*** Provided material Section Begins ***

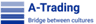A-Tradingのロゴ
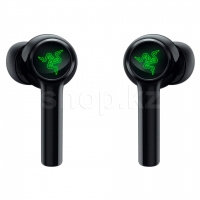 Bluetooth гарнитура Razer Hammerhead True Wireless (2021), Black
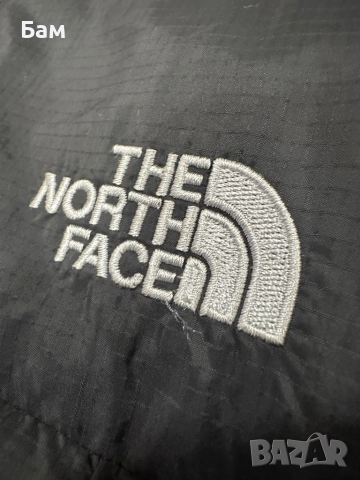 Оригинален мъжки пухен елек The North Face размер ХЛ , снимка 3 - Якета - 52564815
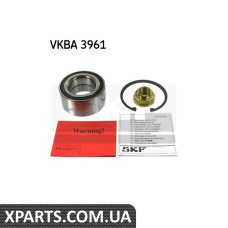 Підшипник маточини кол.пер. SKF VKBA3961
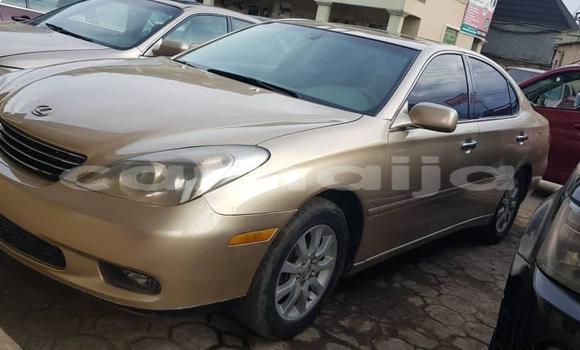 Buy Used Lexus ES Beige Car in Lagos in Lagos State Buy Used Lexus ES Beige Car in Lagos in Lagos State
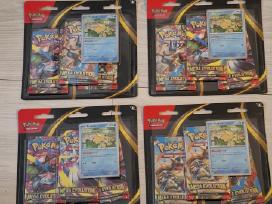 Mega evolution Pokemon orginalios kortos
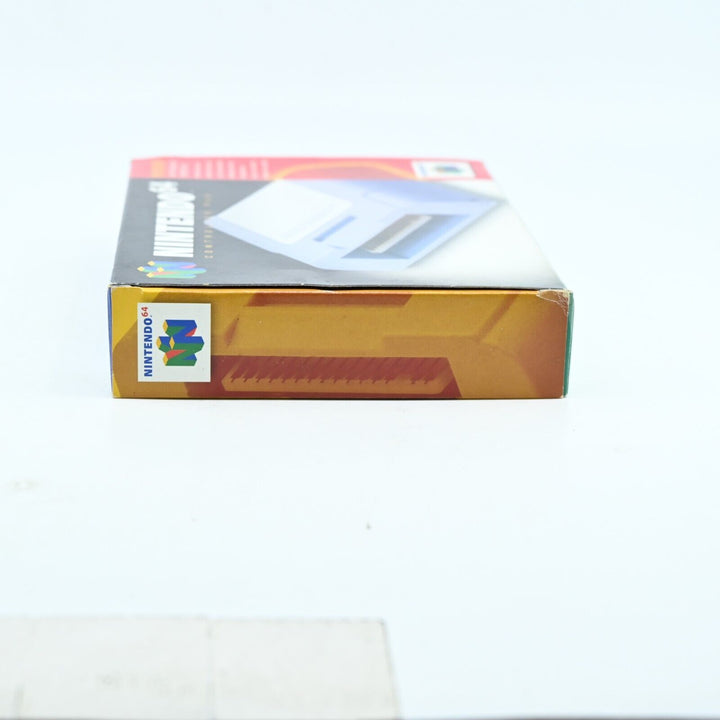 Boxed Controller Pak - N64 / Nintendo 64 Accessory - PAL - FREE POST!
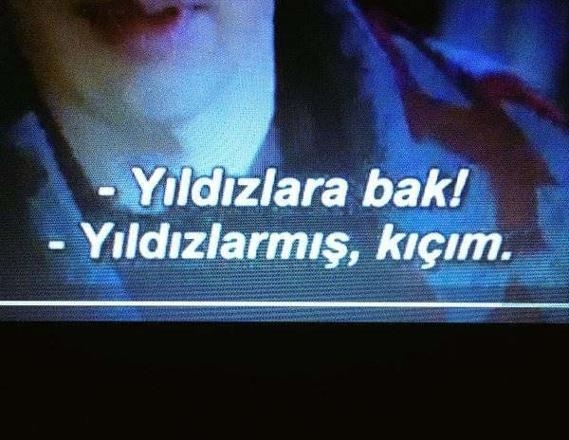 Dili türkçeleşirken, kültürü de türkleşmiş altyazılar galerisi resim 28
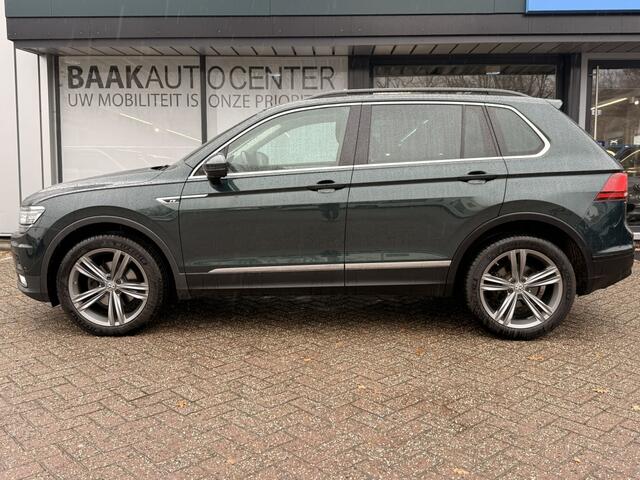Volkswagen TIGUAN 1.4 TSI 4Motion HighLine Business R | Panoramadak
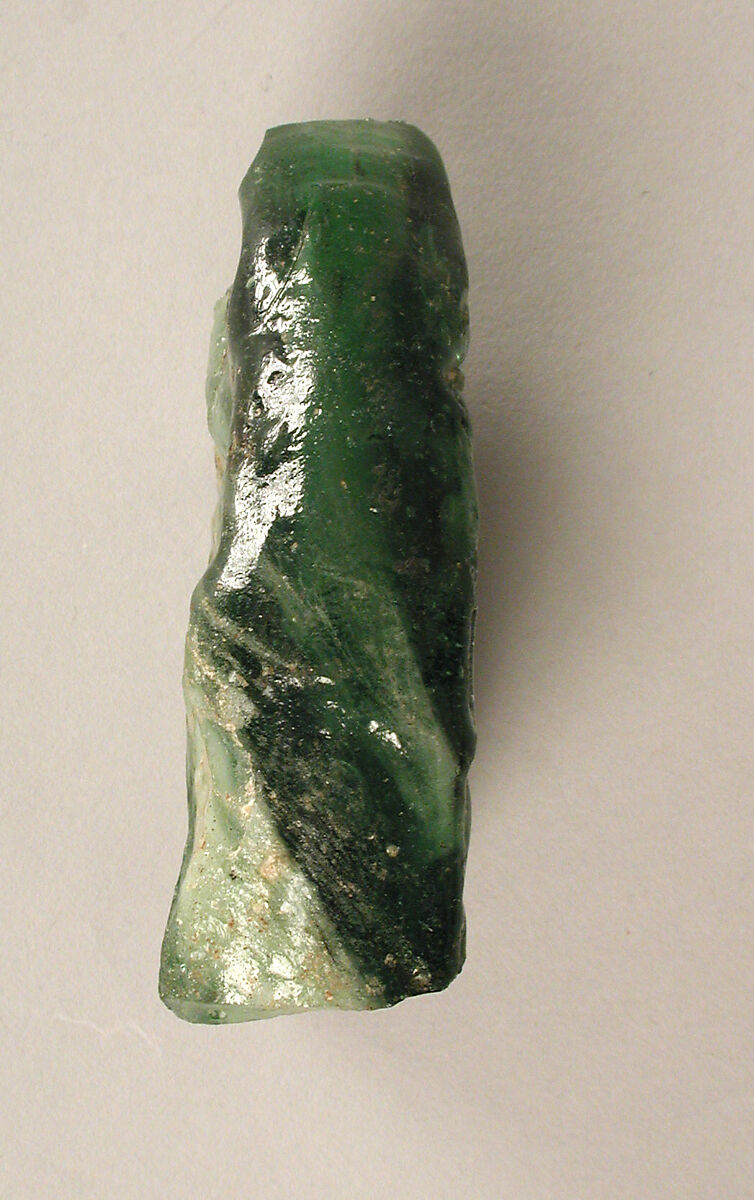 Fragment, Glass, Byzantine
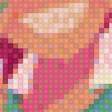 Предпросмотр схемы вышивки «Улыбка» (№1761553)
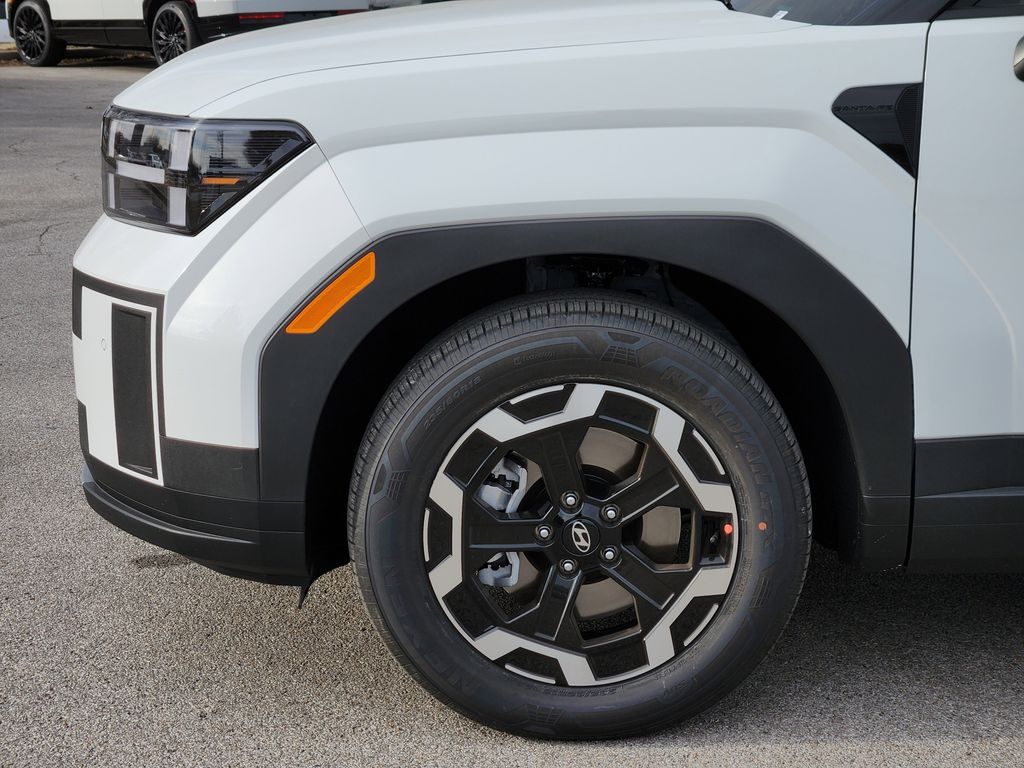 2026 Hyundai Santa Fe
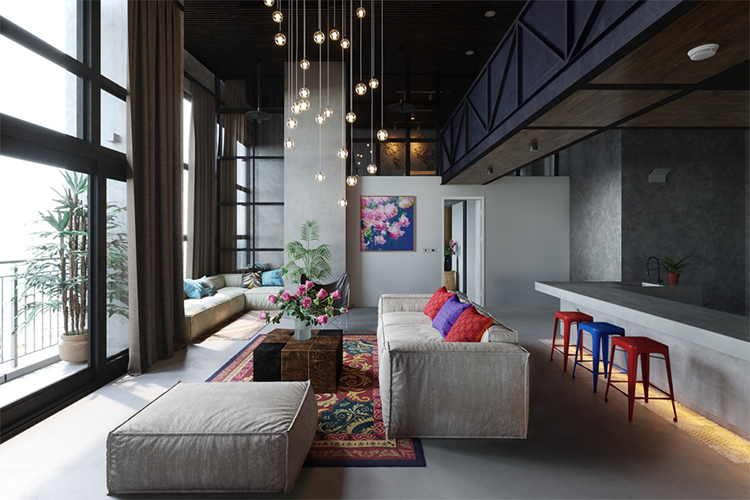 From ultra-modern to dreamy: 5 inspiring living room makeovers before and after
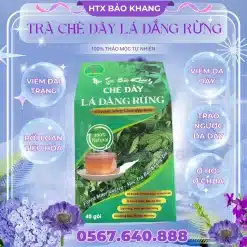 Trà Chè Dây Lá Đắng Rừng Bảo Khang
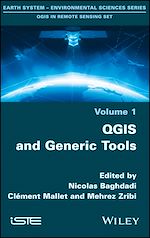 Télécharger le livre :  QGIS and Generic Tools
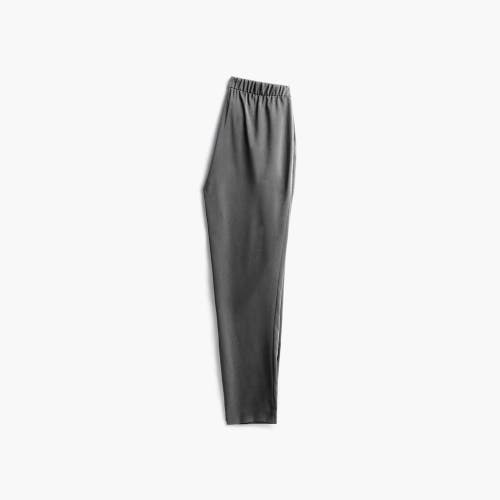 Shop Ministry Of Supply Swift Drape Pant In Charcoal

*** Provided material Section Ends ***

Exercise instructions
Print every line above exactly as given, but not the pictures.

Response to the exercise
A-Tradingのロゴ
 Bluetooth гарнитура Razer Hammerhead True Wireless (2021), Black
 Оригинален мъжки пухен елек The North Face размер ХЛ , снимка 3 - Якета - 52564815
 Підшипник маточини кол.пер. SKF VKBA3961
 Buy Used Lexus ES Beige Car in Lagos in Lagos State Buy Used Lexus ES Beige Car in Lagos in Lagos State
 Mega evolution Pokemon orginalios kortos
 Boxed Controller Pak - N64 / Nintendo 64 Accessory - PAL - FREE POST!
 Dili türkçeleşirken, kültürü de türkleşmiş altyazılar galerisi resim 28
Volkswagen TIGUAN 1.4 TSI 4Motion HighLine Business R | Panoramadak
 Fragment, Glass, Byzantine
 Предпросмотр схемы вышивки «Улыбка» (№1761553)
 2026 Hyundai Santa Fe
 From ultra-modern to dreamy: 5 inspiring living room makeovers before and after
 Trà Chè Dây Lá Đắng Rừng Bảo Khang
 Télécharger le livre :  QGIS and Generic Tools
 Shop Ministry Of Supply Swift Drape Pant In Charcoal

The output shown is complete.